Per Oscar Wilde, D'Annunzio e molti esteti, artisti e dandy, vivere la vita come un'opera d'arte significa approfittare di ogni attimo per il proprio piacere, il proprio benessere e godimento, succhiare la vita fino al midollo dimostrando a sé stessi e agli altri di essere padroni assoluti della propria esistenza.

L'artista dandy concepisce la vita come un'opera d'arte da gustare nella sua dimensione estetica, l'intento è quello di fuggire ad ogni costo la noia, la banalità del quotidiano e l'orrore del domicilio, cercando ogni tipo di esperienza e di soddisfazione capace di saziare il proprio incessante appetito e processo di autoaffermazione; non è facile per l'esteta-dandy mettere a tacere la voce che ripete continuamente "Carpe diem", fuggi la mediocrità, vivi la vita adesso, lascia traccia del tuo passaggio, scrivi il tuo nome nelle stelle!

Che tristezza vedere come questa fame di eternità e di pienezza si riduca nella maggior parte dei casi ad un'esistenza egoistica, arida e narcisistica; l'esteta romantico si cuce addosso una divisa di fierezza e solitudine e nella sua ricerca ossessiva di vita non trova nulla che non si prosciughi o si corrompa!

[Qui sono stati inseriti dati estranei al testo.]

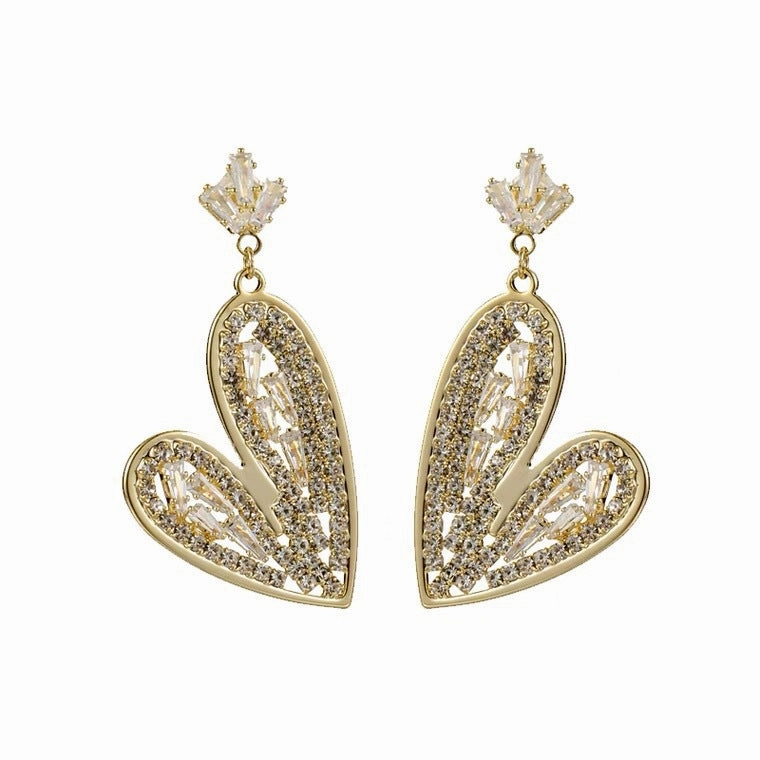 Wholesale Needle Elegant Love Heart Full Drill Crystal Earrings Fashionable High-end Feel Jewelry Accessories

Che beffa farsi dio della propria vita e nel tentativo di superare ogni limite chiudersi il cielo, aspirare all'eterno e trovarsi ad elemosinare il passeggero e l'effimero, desiderare il mare vasto ed infinito e accontentarsi di una pozza di piscio e fango!

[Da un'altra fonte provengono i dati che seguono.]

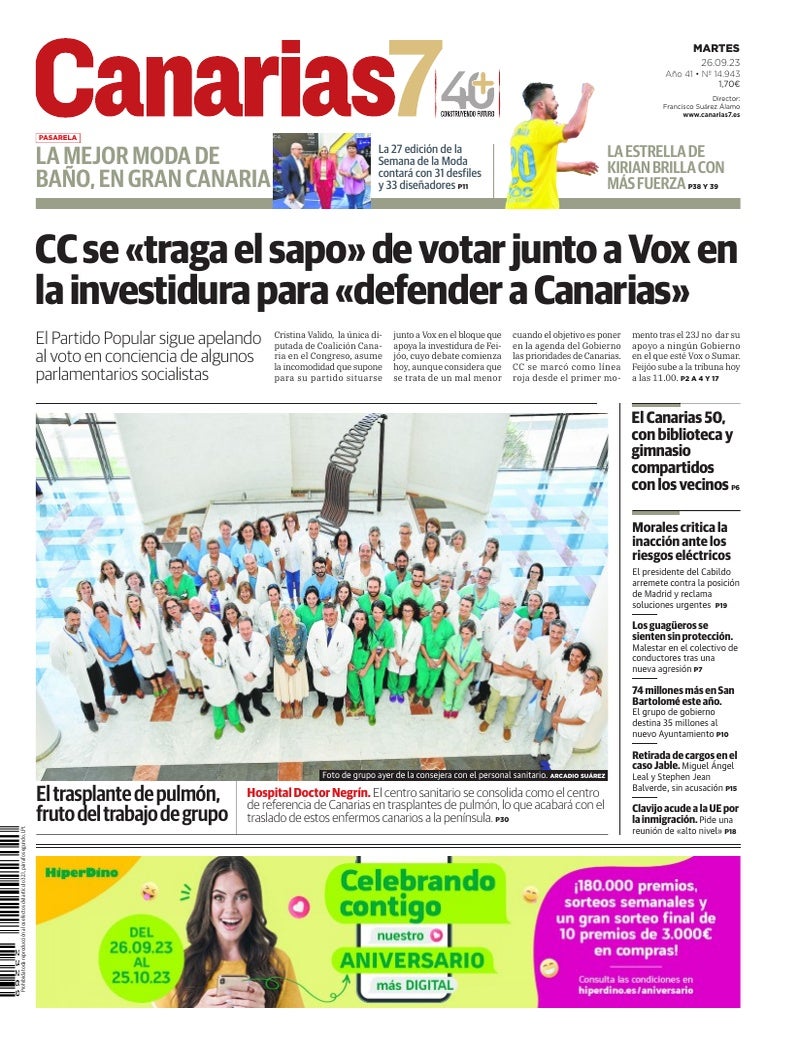 Portada Canarias7 26-09-2023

Ma c'è un altro modo di vivere la propria vita come un'opera d'arte ed è quello che intende Timothy Verdon quando dice di passare da un'esistenza artigianale, fatta di cause ed effetti, alla vita sperimentata come arte, vissuta come opera ispirata, aperta alla gratuità della grazia.

Dio irrompe nella nostra vita aprendo orizzonti nuovi e imprevedibili, siamo pronti ad accoglierlo nella nostra storia, a farci sorprendere e scompaginare i programmi?

L’uomo vuole vivere, vivere il più possibile, e ciascuno porta in sé una visione ideale di ciò che vorrebbe essere.

Agostino d’Ippona ha scritto: «Noi tutti bramiamo vivere felici, e tra gli uomini non c’è nessuno che neghi l’assenso a questa affermazione, anche prima che venga spiegata in tutta la sua portata». 

Freud, dal canto suo, nell’opera Il malessere della civiltà si chiede: «Quali sono i progetti e gli obiettivi vitali rivelati dal comportamento degli uomini?»; e risponde: «Si è certi di non sbagliare: essi aspirano alla felicità; gli uomini vogliono essere e rimanere felici!»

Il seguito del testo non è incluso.